Basing its prediction on a study conducted by the Cass Business School in 2009, the pensions company also forecasted that there would only be 0.6 million active members in a DB scheme by the end of the 2019.

Speaking at a seminar on pension scheme data quality on 4 February, Pat Wynne, director at Xafinity Consulting, said: “It is frightening to think there will be only half a million or so DB members in a decade.”

Wynne added that 2010/11 looks “promising” for enhanced transfer value (ETV) exercises, with equity markets going up, inflation and interest rates expected to rise sharply towards the end of this year – which are good conditions for firms to get rid of their DB liabilities.

But Wynne said for these exercises to be successfully carried out, data must be in good order.

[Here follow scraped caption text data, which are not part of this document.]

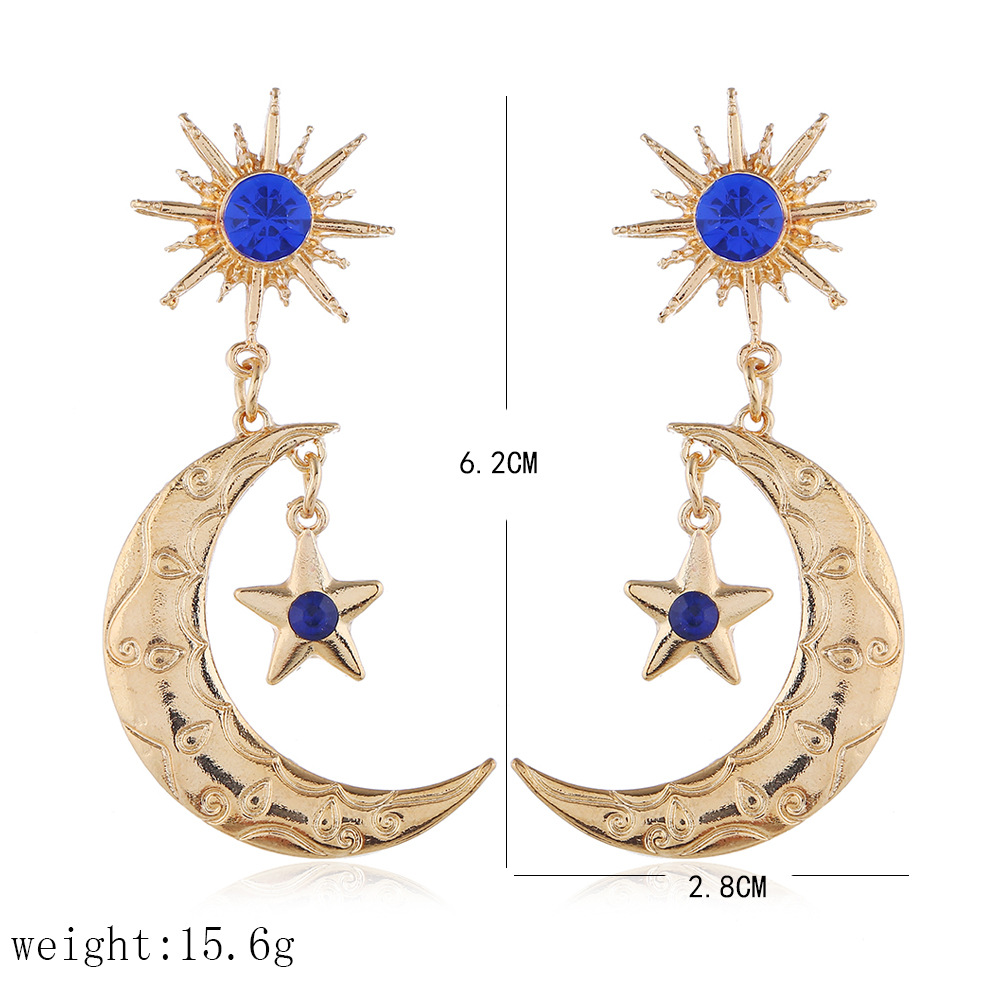 Earring Jewelry New Star Moon Alloy Diamond Earrings display picture 1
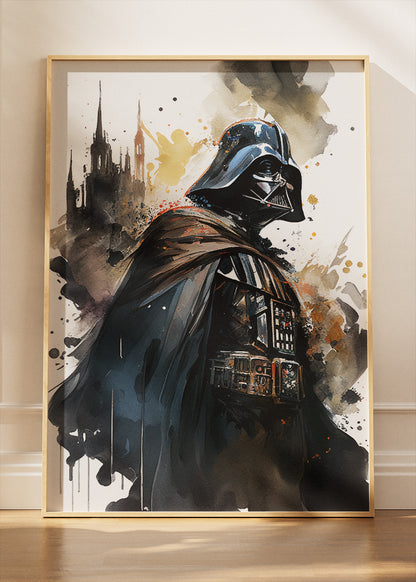 Dark Galactic Commander Watercolor Portrait Canvas & Poster Print – AI PRINT LAB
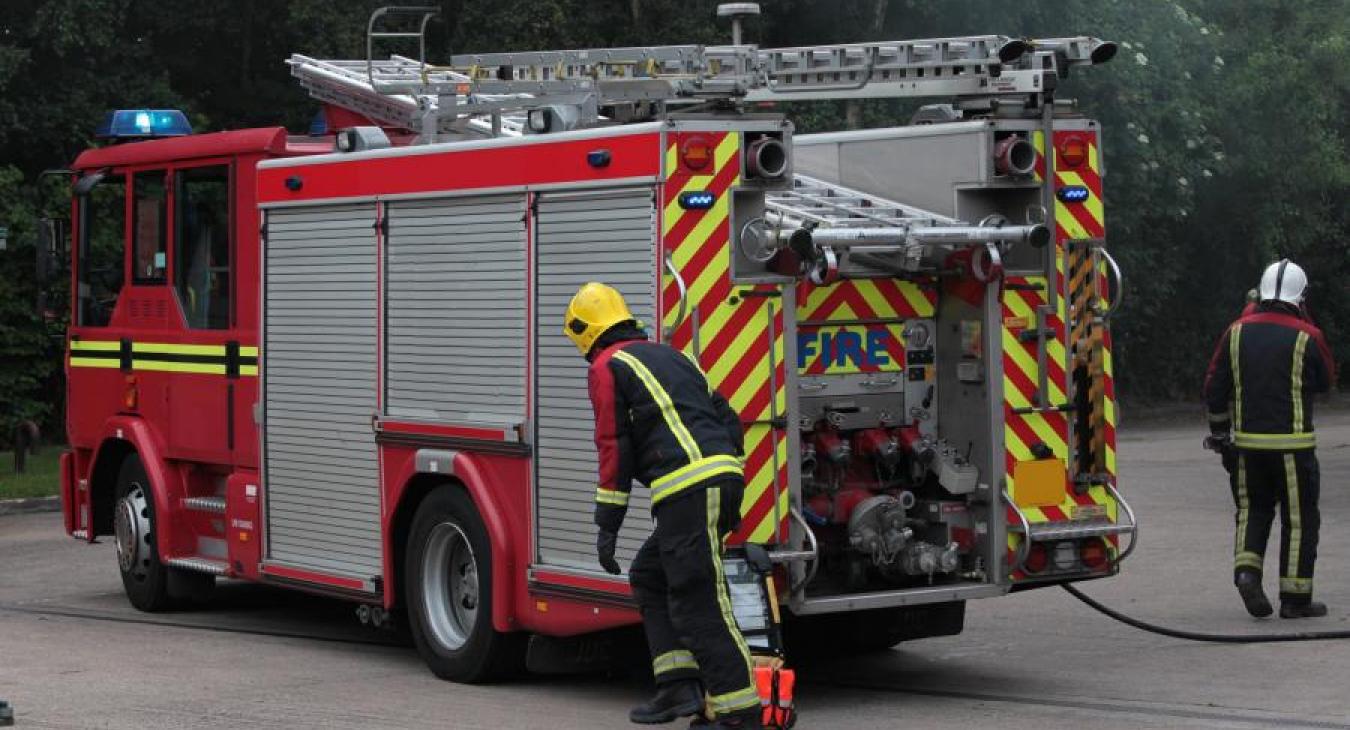 Fire appliance daylight scene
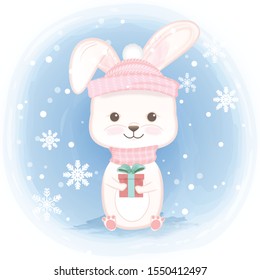 Cute rabbit holding gift box and snowflake cartoon hand drawn illustration Christmas background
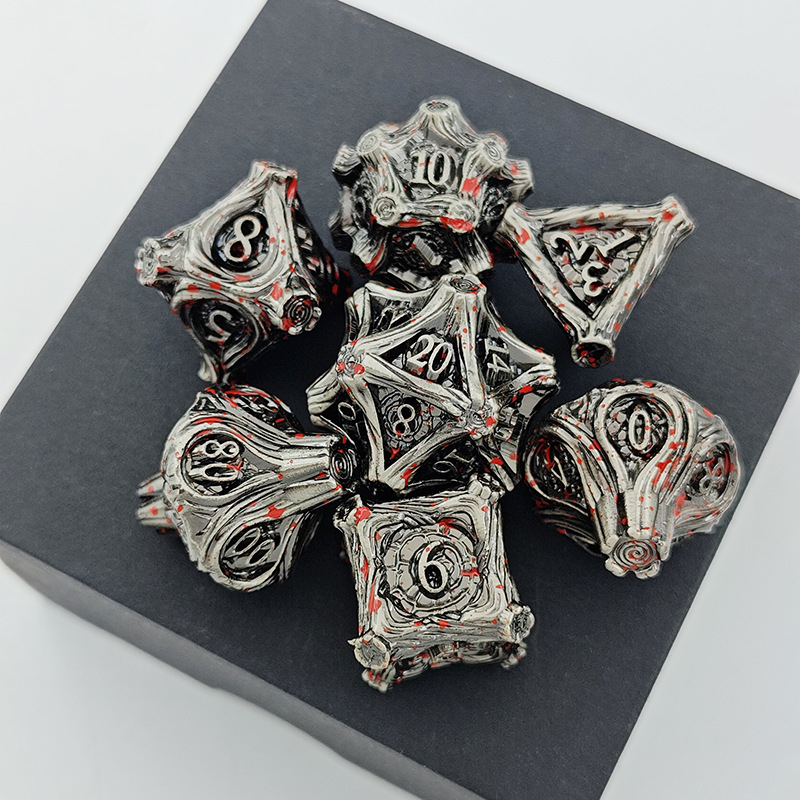 7-dijelni metalni set D20 kockice za RPG — zlitina cinka, poliedrični oblik, mogućnost prilagodbe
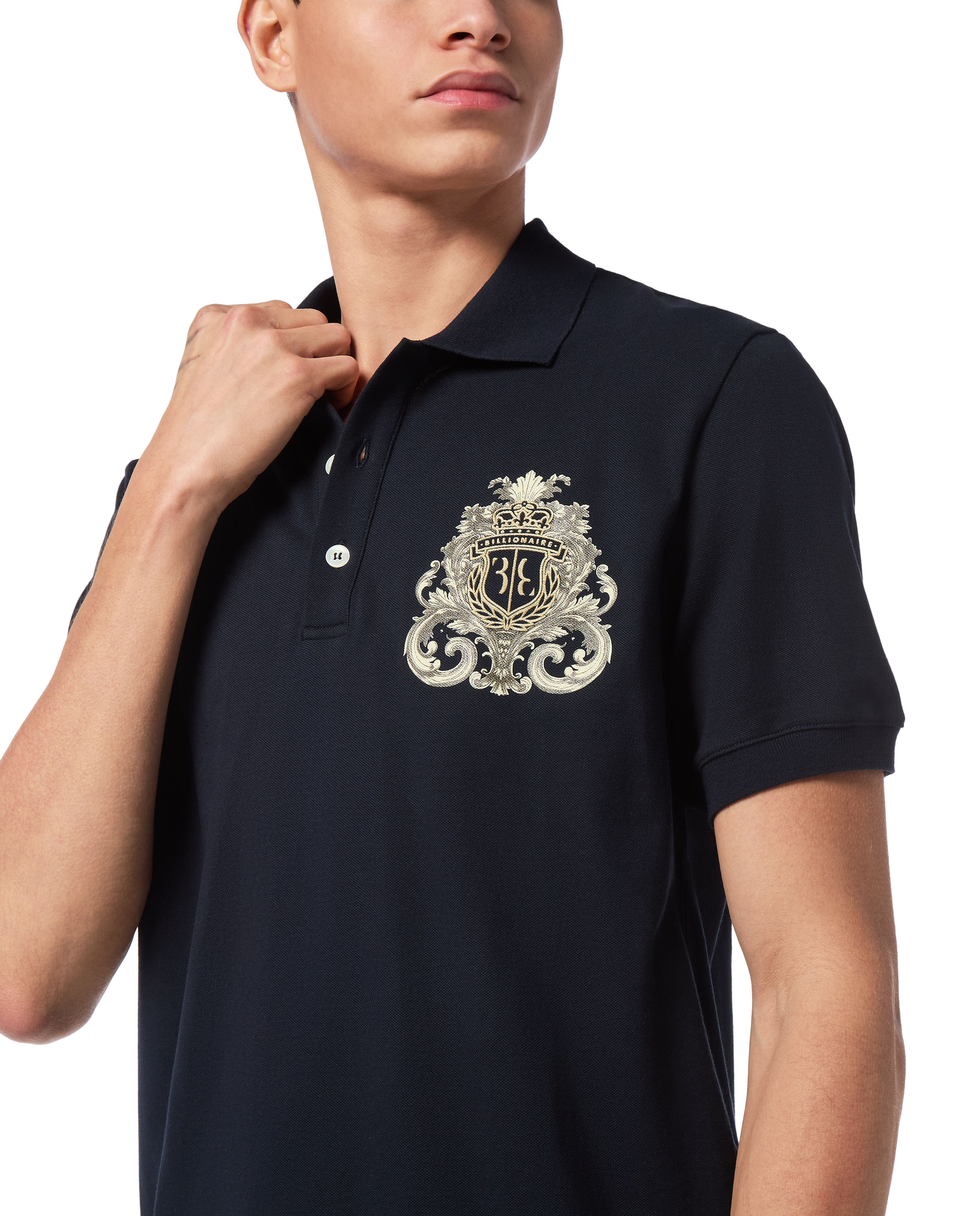 Granatowa koszulka polo SS Crest Baroque - Image #4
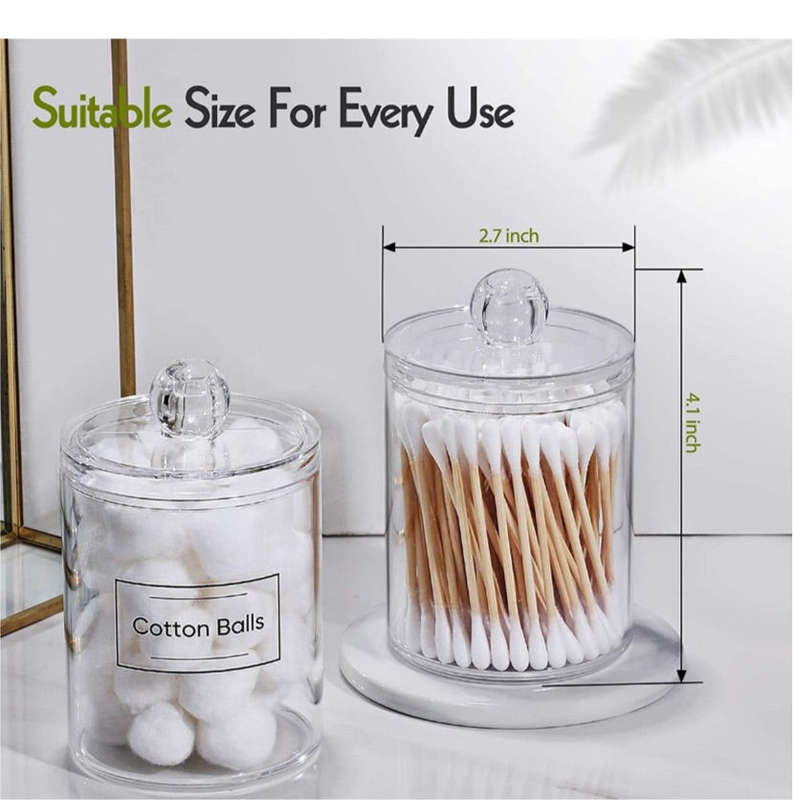 Maisonware Bathroom Accessory Qtip Jars- 4 Pack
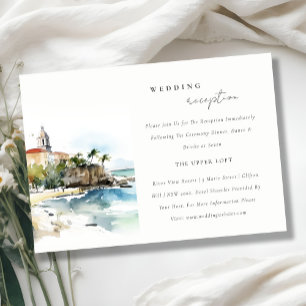 Cartão De Informações Recepção de Casamento Paisagem em San Juan Porto R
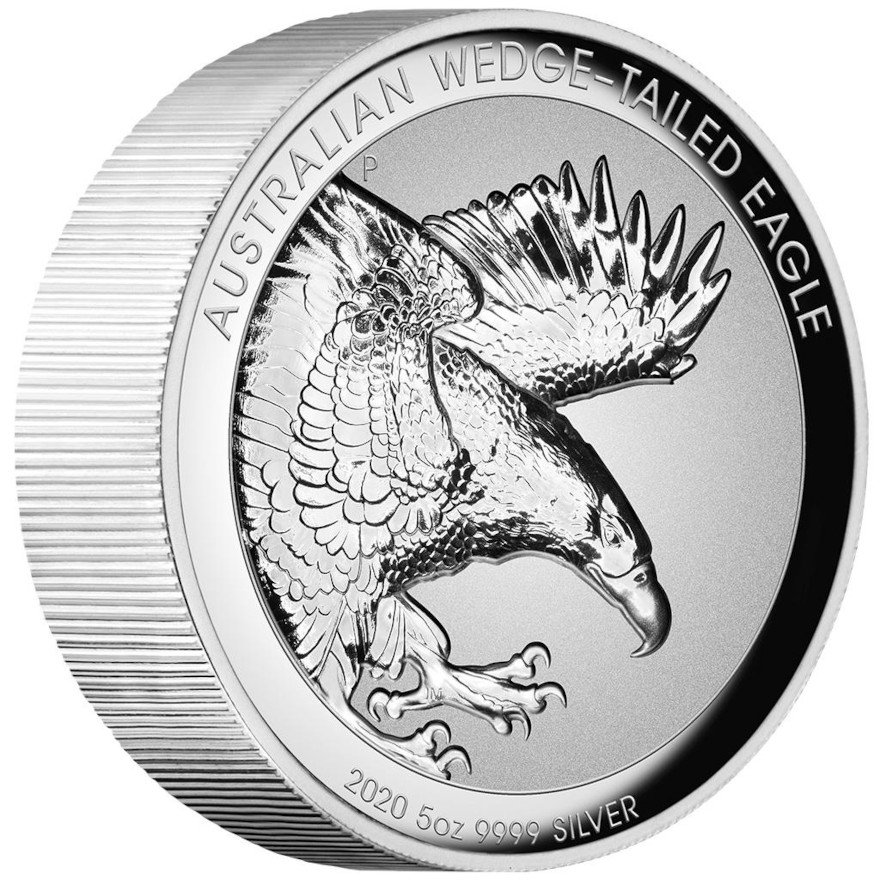 View 2: Silber Wedge Tailed Eagle 5 oz PP - High Relief 2020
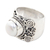Cultured pearl flower ring, 'White Frangipani' - Sterling Silver and Cultured Pearl Cocktail Ring (image 2a) thumbail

Bob Jackson, policy team at the Pensions Regulator (TPR), reiterated the need for quality data, and outlined the regulator’s requirements, warning that while the measurement of scheme records is vital, “the [regulator’s] framework that we have put together is meant to be a temperature check, not a cure all”.

Jackson said TPR found in surveys that only 14 per cent of schemes participating have tested their common and conditional records, and 53 per cent score less than 90 per cent on common data alone. “More worryingly is the range of results, with seven per cent scoring zero on common data.”

He added that the regulator is targeting a 100 per cent result on common data for records from 2010, and 95 per cent on legacy data for new records. Jackson said conditional data targets will be scheme specific

“Having been talking about this for the last year to 18 months, we feel that the industry should know about this stuff, and we are going to be talking to employers going forward. Therefore, there will be no reason why these targets should not be achieved,” he concluded.